Edit: In my specific problem I have $A > 0$ and $B<0$.
 A: Here is a solution that transforms the initial problem with 2 parameters into a 1 parameter issue, easier to tackle.
Set $C=B/A$ (a negative number because $A>0$ and $B<0$).
Let us make a (bijective !) change of variable
$$u=e^{Ax} \ \ \iff \ \ x=\frac{1}{A}\text{ln}(u)\tag{1}$$
Important remark : $u>0$.
The initial equation
$$x+e^{Ax}+e^{Bx}=0 \tag{2}$$
is thus transformed into
$$\underbrace{t+u+u^C}_{f(u)}=0\tag{3}$$
or, geometrically, into the intersection of
$$\begin{cases}y&=&u^C& \ \ \text{(curve with asymptotes)} \\y&=&-u-t& \ \ \text{line with slope} \ -1\end{cases}\tag{4}$$
Fig. 1 illustrates (4).
Three cases can occur (due to the fact that the straight line hits the $y$ axis in $-t$) :

*

*either zero solutions when $t<t_0$ for a certain $t_0$.


*(exceptionally) one solution when $t=t_0$,


*2 solutions when $t=t_0$,

and in this case which one do you desire ?
I have assumed here that we are looking for the root with the highest magnitude.
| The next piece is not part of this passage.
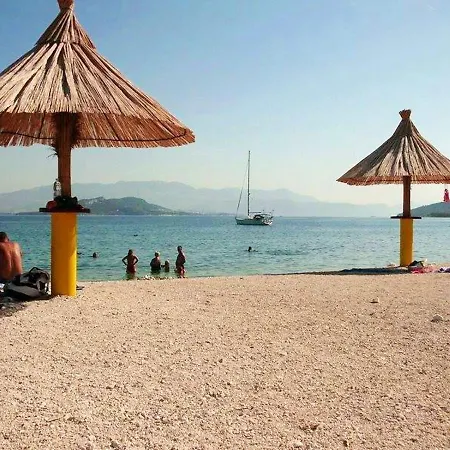 Charming In With Sea View - 45 M² Apartment *
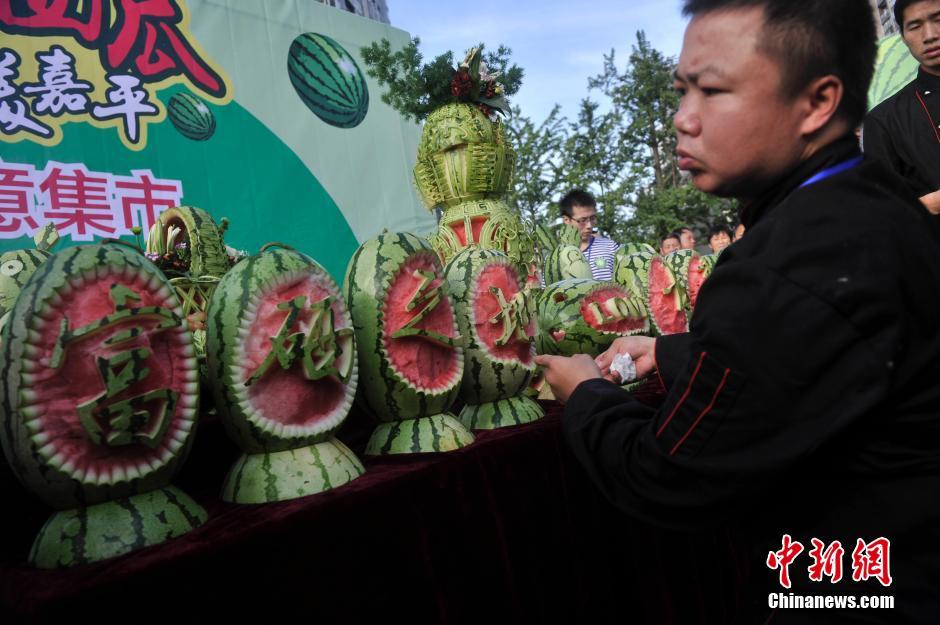 بالصور: معرض النحت على البطيخ يجذب المتفرجين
The choice of the initial value is directed by the diagram : if we take the initial value $u=-t$, for big values of $-t$, we will be already rather close to the final value.
The following Matlab program applying Newton iteration is very efficient :
A=1.;B=-2.5;C=B/A;
t=-3;
u=-t, % initialization
for k=1:4, % 4 iterations are usually enough
   u=u-(t+u+u^C)/(1+C*u^(C-1)), % Newton iteration step u = u-f(u)/f'(u)
end;
x=(1/A)*log(u), % solution x=x(t)
t+exp(A*x)+exp(B*x), % checking that this value is (almost !) zero


Fig. 1 : (case  $A=1, B=-2.5, C=B/A=-2.5$. Horizontal axis is for $u$ variable). Curve with equation $y=u^C$ and two straight lines with resp. equations $y=-u-t_0$ and $y=-u-t$ for two different values of $t$ ($t=-3$ and $t=t_0 \approx 1.818$); Newton recurrence relationship with initial value $u_0=3$ gives final value $u_5=2.9321...$ out of which $x=1.0757...$.